The launch took place last month at Cape Canaveral in Florida; the rocket fell into the Atlantic after failing to reach orbit.
Arwa Tizani Kelly, the technical program manager for test and launch at Relativity, and Raichelle Aniceto, chief of staff for the company’s vehicle architecture and technology team, hosted the launch of the Terran 1 rocket until the moment an “anomaly” occurred after separation of the first stage of the rocket.
“Today’s flight data will be invaluable to our team as we look to further improve our rockets, including Terran R,” Kelly said, referring to the company’s first fully reusable and entirely 3D-printed rocket, which is scheduled to fly next year.

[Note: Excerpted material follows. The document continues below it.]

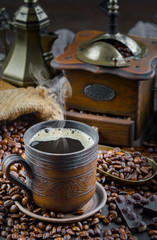 Black coffee on an old background in a cup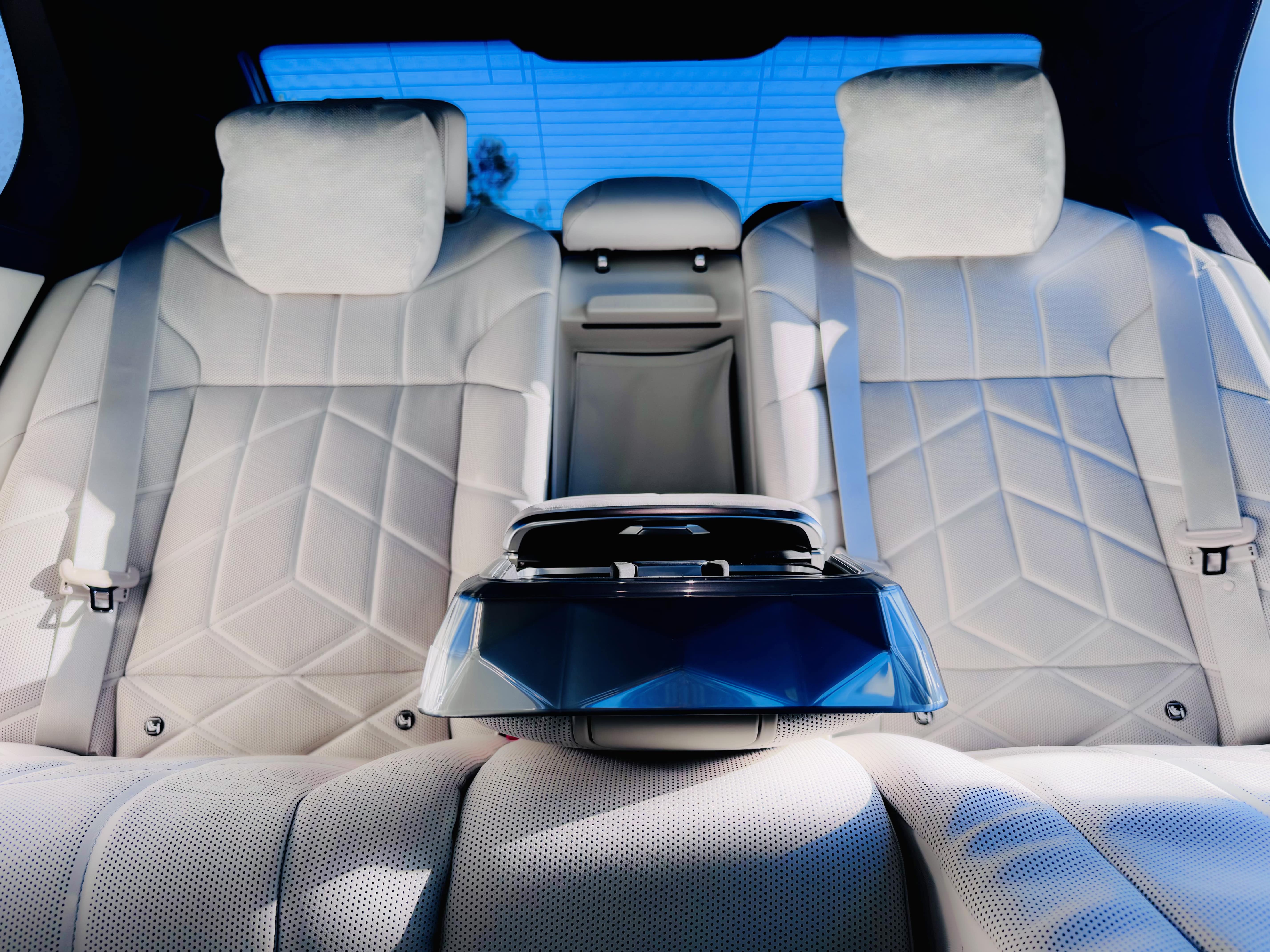 Rear seats of the BMW i7 with light leather upholstery, geometric stitching, plush headrests, and a closed centre armrest with a glossy finish.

“Our team will now carefully analyze this data to determine what led to this outcome,” Aniceto added.
The company has made no statement about what happened to the rocket.
Kelly thanked the Relativity team for getting them to where they were that day.
“No one has ever attempted to launch a 3D-printed rocket into orbit. While we didn’t make it all the way today, we gathered enough data to show that flying 3D-printed rockets is possible,” she added.
“What we are doing has never been done before, but it is undoubtedly a worthwhile endeavor that will transform the aerospace industry forever,” Aniceto said in closing out the broadcast.
Terran 1 stands 110 feet high; nine Aeon engines power its first stage, and one Aeon engine powers the second stage.